Note: CORS does not support wildcards in origin values when credentials are enabled. Use explicit origins.

WebSocket connections also require CORS; the Upgrade header is allowed by default with NGINX ingress.

Application-Level CORS

The api-gateway also applies CORS middleware via FastAPI’s CORSMiddleware. The allowed origins are configured via the CORS_ORIGINS environment variable (comma-separated list). Default: https://localhost:30000,https://localhost:30001.

Wildcard (*) origins must never be used when credentials are enabled. The application enforces explicit origins to match the ingress configuration.

Development Environment Access

In development namespaces (galaxy-dev, galaxy-staging), services use NodePort type for stable access without requiring kubectl port-forward. This survives pod restarts and rollouts.

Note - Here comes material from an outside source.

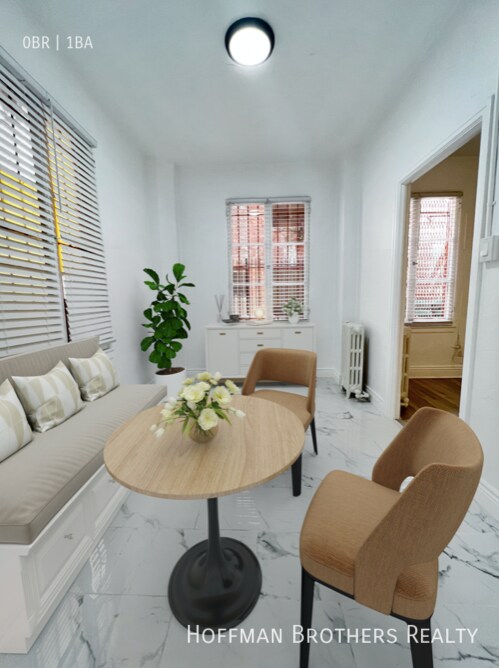 Foto principal - 3471 5th St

Dev namespace (galaxy-dev):

Service NodePort URL
web-client 30000 https://localhost:30000
admin-dashboard 30001 https://localhost:30001
api-gateway 30002 https://localhost:30002
Prometheus 30090 http://localhost:30090
Grafana 30091 http://localhost:30091

Staging namespace (galaxy-staging):

Service NodePort URL
web-client 31000 https://localhost:31000
admin-dashboard 31001 https://localhost:31001
api-gateway 31002 https://localhost:31002
Prometheus 31090 http://localhost:31090
Grafana 31091 http://localhost:31091

Namespace Overlays

Namespace-specific configuration is managed via Kustomize overlays in k8s/overlays/. Each overlay maps to a deployed namespace and is applied with kubectl apply -k. See the Kustomize section for full details.

Overlay Namespace Patch Files
local-dev galaxy-dev (none — uses base as-is)
staging galaxy-staging configmaps.yaml, services.yaml, monitoring.yaml

Internal gRPC (plaintext)

Internal gRPC communication between services (port 50051) uses plaintext — no TLS:

Route Protocol
tick-engine → physics gRPC (plaintext)
api-gateway → physics gRPC (plaintext)
api-gateway → players gRPC (plaintext)
api-gateway → galaxy gRPC (plaintext)
api-gateway → tick-engine gRPC (plaintext)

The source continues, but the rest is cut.